President Joe Biden delivered another speech Tuesday in which his gaffes overshadowed his message.
Campaigning in Florida to promote the successes of his administration's Inflation Reduction Act and potential Republican threats to repeal popular programs like Social Security, the 79-year-old Democrat made numerous questionable claims and missteps that quickly picked up steam on the internet and drowned out his closing arguments in the often-contentious state.
Among the errors: misstating his son's cause and place of death, mistakenly referring to Florida Representative Debbie Wasserman-Schultz as "Senator," and a claim that he had spoken with the people who invented insulin that was quickly contested by conservative commentators.
Others called him out for using similar word salad often deployed by his predecessor, Donald Trump, in explaining inflation, which he falsely claimed was among the "lowest in the world." (World Economic Forum data show that is not even close to being the case.)
"That's what I call inflation," he said. "The end of the month. What you have left. You have no money. That's inflation. What's, what do you, the things you need. Are they going up? They are. They are."
Explaining the cause of inflation, he pointed to the "war in Iraq" before correcting himself to Ukraine, saying shortly after he thought of Iraq "because that's where my son died."
While his son, Beau, served in Iraq, he died of brain cancer six years after his deployment ended. (The president noted this shortly afterward, in a line discussing the high cost of the drugs needed to treat his condition.)

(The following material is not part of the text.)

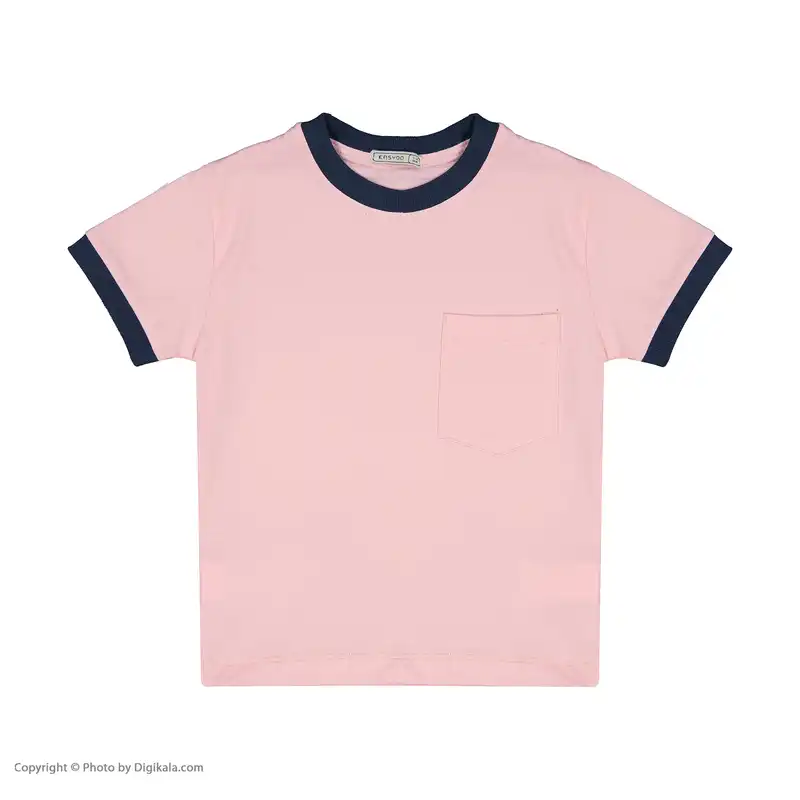 تی شرت آستین کوتاه بچگانه ایزی دو مدل 2181293-84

A more minor gaffe came early in the speech when he referred to the recent hurricane that wreaked havoc across Florida, Hurricane Ian, as "Hurricane Ivan," the 2004 storm that caused significant damage in the Caribbean and upon making landfall in Alabama.
One contested claim, however, was plausible. Discussing legislation he'd worked on to cap the co-pay cost of insulin at $35 in his federal relief package, Biden noted that its inventors—James Collip and Charles Best—initially sold the patent to the University of Toronto for $1 because they wanted everyone to be able to access it.
The catch, however, was that Collip died in 1948 and Best in 1978, five years after Biden was elected to the U.S. Senate.
The speech came one day after a viral video in which Biden said during a campaign stop in Pennsylvania that the U.S. has "54 states" instead of 50.